Contre le mariage homosexuel et l’avortement
En 2010, Jorge Bergoglio s’est opposé avec vigueur à la loi légalisant le mariage homosexuel en Argentine, pays où les trois-quarts des habitants sont des catholiques. Il s’est aussi élevé contre le droit octroyé aux transsexuels de changer de sexe à l’état civil. La tension est alors montée entre Jorge Bergoglio et la présidente de centre gauche Cristina Kirchner. En revanche, l’avortement reste prohibé en Argentine, sous la pression de l’Eglise.
En septembre 2012, le cardinal Bergoglio a critiqué les prêtres refusant de baptiser les enfants nés hors mariage, les qualifiant d' »hypocrites ». Au Saint-Siège, il était avant son élection membre de la Congrégation pour le culte divin et la discipline des sacrements. Sergio Rubin, éminent vaticaniste du quotidien argentin Clarin, voyait plutôt Jorge Bergoglio comme « un faiseur de rois », de par son influence dans les couloirs du Vatican, que comme un favori. Il lui prête la capacité de « rénover la curie romaine » et d' »apporter un nouveau souffle au sein de l’Eglise ». « C’est un homme audacieux », avertit son ancien porte-parole, Gustavo Boquin.
Un choix surprenant
Le nouveau pape François Ier fera preuve d’ouverture et de capacités de dialogues, selon Jean-Pierre Delville, professeur d’histoire du christianisme à l’UCL. Le choix du nouveau pape est surprenant pour trois raisons, estime le professeur.

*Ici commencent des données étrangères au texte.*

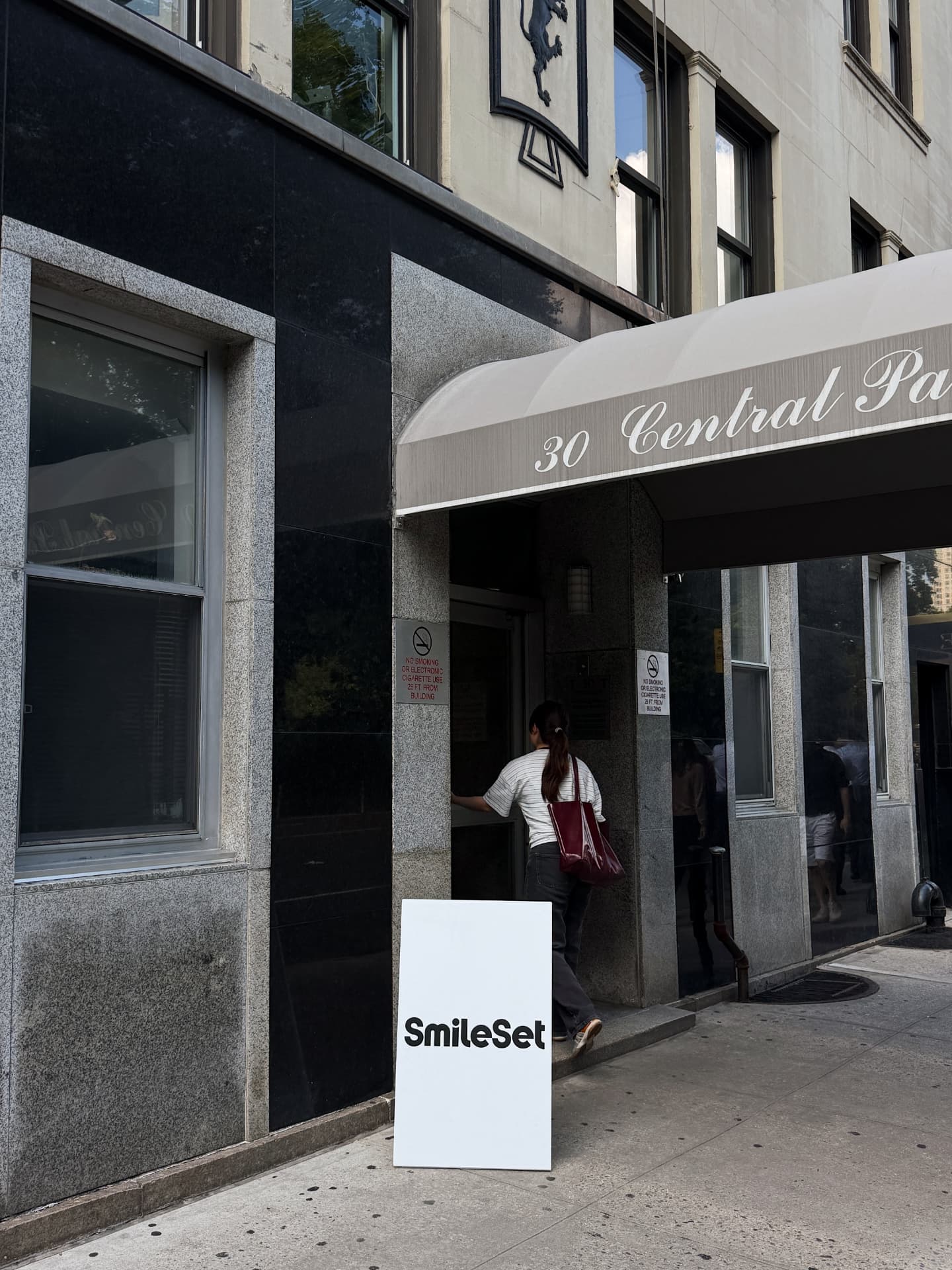 Exterior of the SmileSet studio entrance in New York City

D’abord le fait que c’est le premier jésuite à accéder à ce poste. Il a une expérience centrée sur l’accompagnement personnel, explique Jean-Pierre Delville. Pour ce dernier, le fait d’être jésuite ne signifie pas qu’il vit comme un moine dans sa maison et qu’il mène une vie austère.
Ensuite, il s’agit du premier pape latino-américain. « Il incarne le dynamisme de cette église, qui est à taille humaine et centrée sur l’action sociale », indique le professeur.
Enfin, Jorge Mario Bergoglio a une personnalité ouverte. « Il a un ancrage concret et pastoral, tourné vers les populations. Ce n’est pas un cardinal de curie comme Benoît XVI », avance Jean-Pierre Delville.
Le fait que le nouveau pape est âgé de 76 ans n’est pas un handicap, estime le professeur. « Il ne fait pas son âge, il dégage de la sympathie. Il s’agit quand même d’un pari sur l’avenir », estime-t-il. Il parait cependant que François 1er a quelques problèmes de santé.
Le choix de s’appeler François est une référence claire à François d’Assise, partisan d’une Eglise pauvre, proche du peuple, tournée vers la spiritualité et la fraternité. « François d’Assise est le Saint le plus populaire de l’Eglise », ajoute Jean-Pierre Delville.
Pour le professeur de l’UCL, Jorge Mario Bergoglio fera preuve d’ouverture et de capacités dialogales. Il fait référence au fait qu’il a demandé à la foule, dès sa première apparition place Saint-Pierre à Rome, de le bénir avant même de la bénir.